GOAL OF THE EXERCISE:
Your copy must start with the line containing "Globo - LED-Deckenleuchte LED/18W/230V" and end with the last line of the entries, matching them exactly and leaving out every picture.

Collection entries:
□ □ □ □ □ □ □

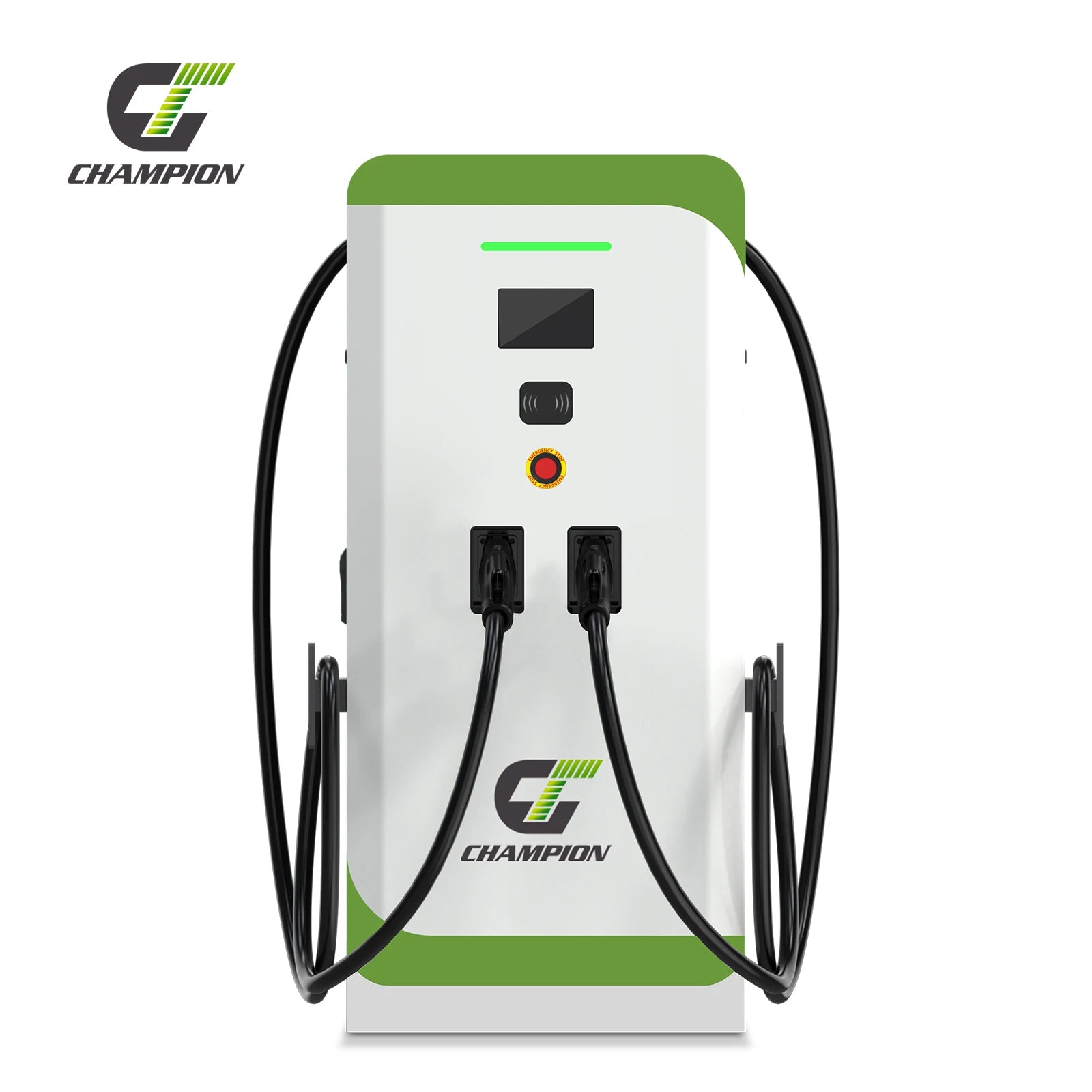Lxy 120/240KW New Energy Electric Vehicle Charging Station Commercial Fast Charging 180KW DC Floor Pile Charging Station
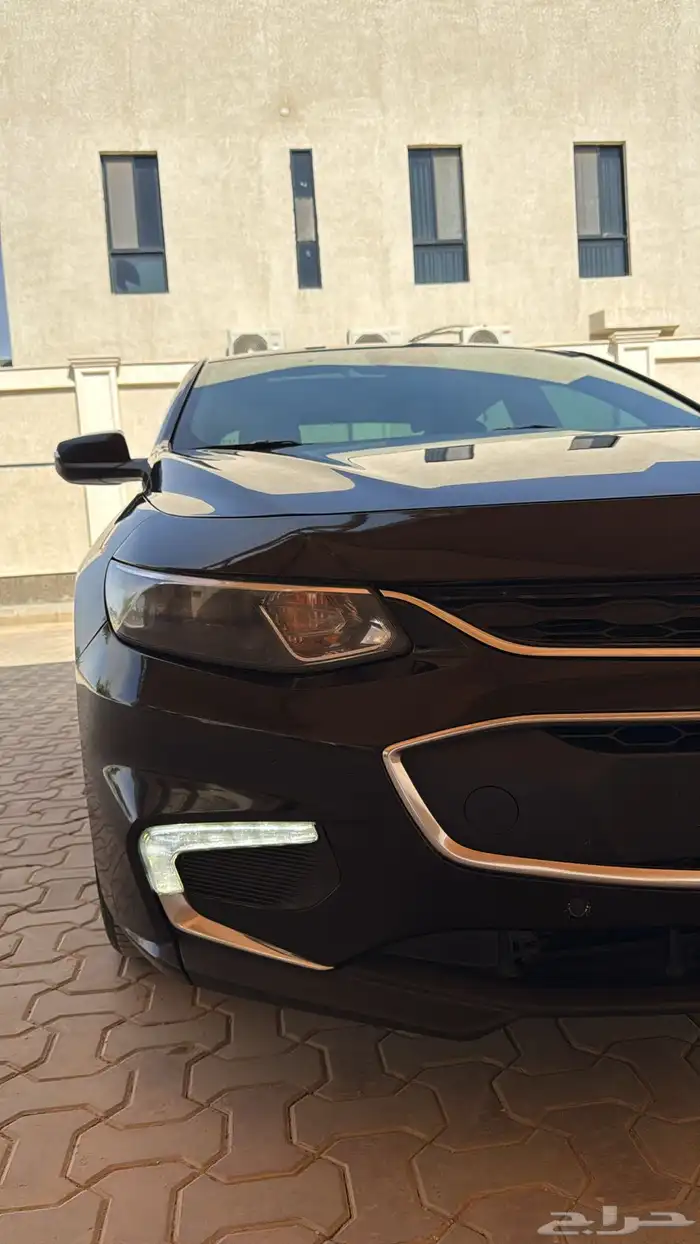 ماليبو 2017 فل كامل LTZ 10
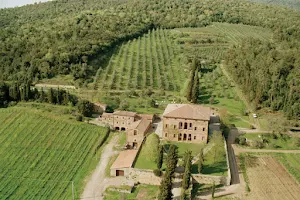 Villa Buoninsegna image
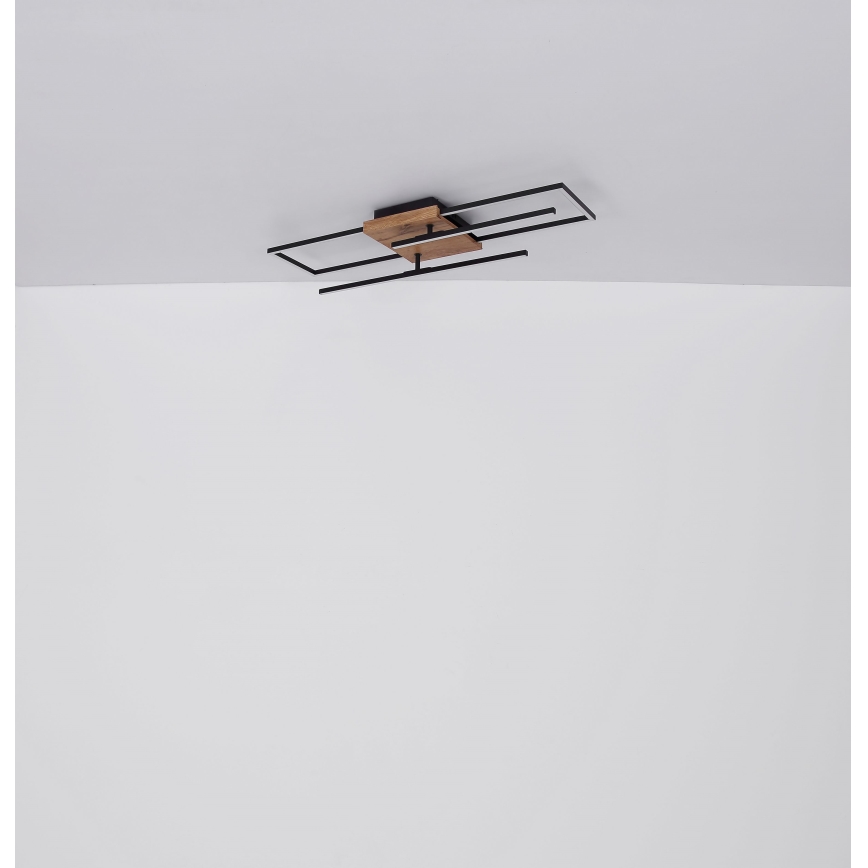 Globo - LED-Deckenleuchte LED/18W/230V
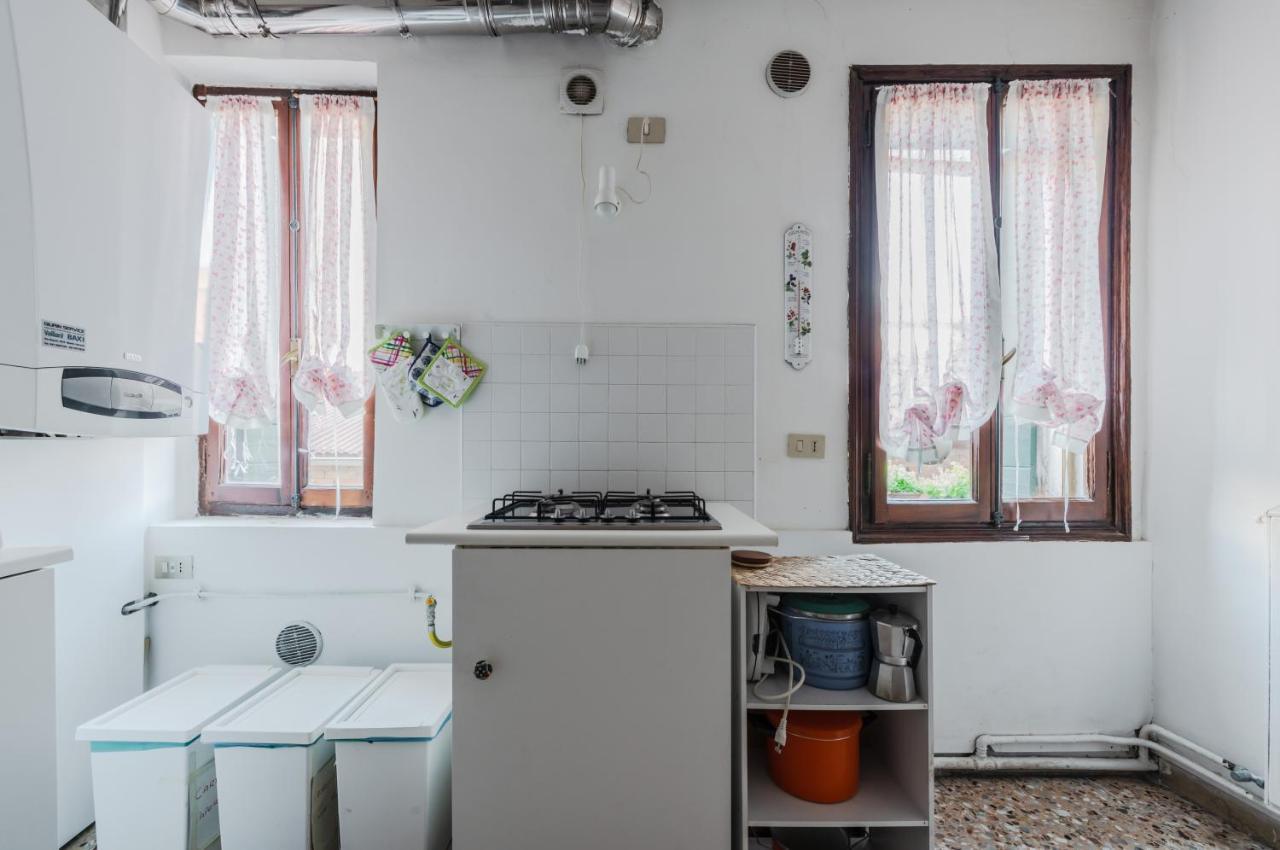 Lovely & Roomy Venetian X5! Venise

□ □ □ □ □ □ □

FINISHED EXERCISE:
 Globo - LED-Deckenleuchte LED/18W/230V
 Lovely & Roomy Venetian X5! Venise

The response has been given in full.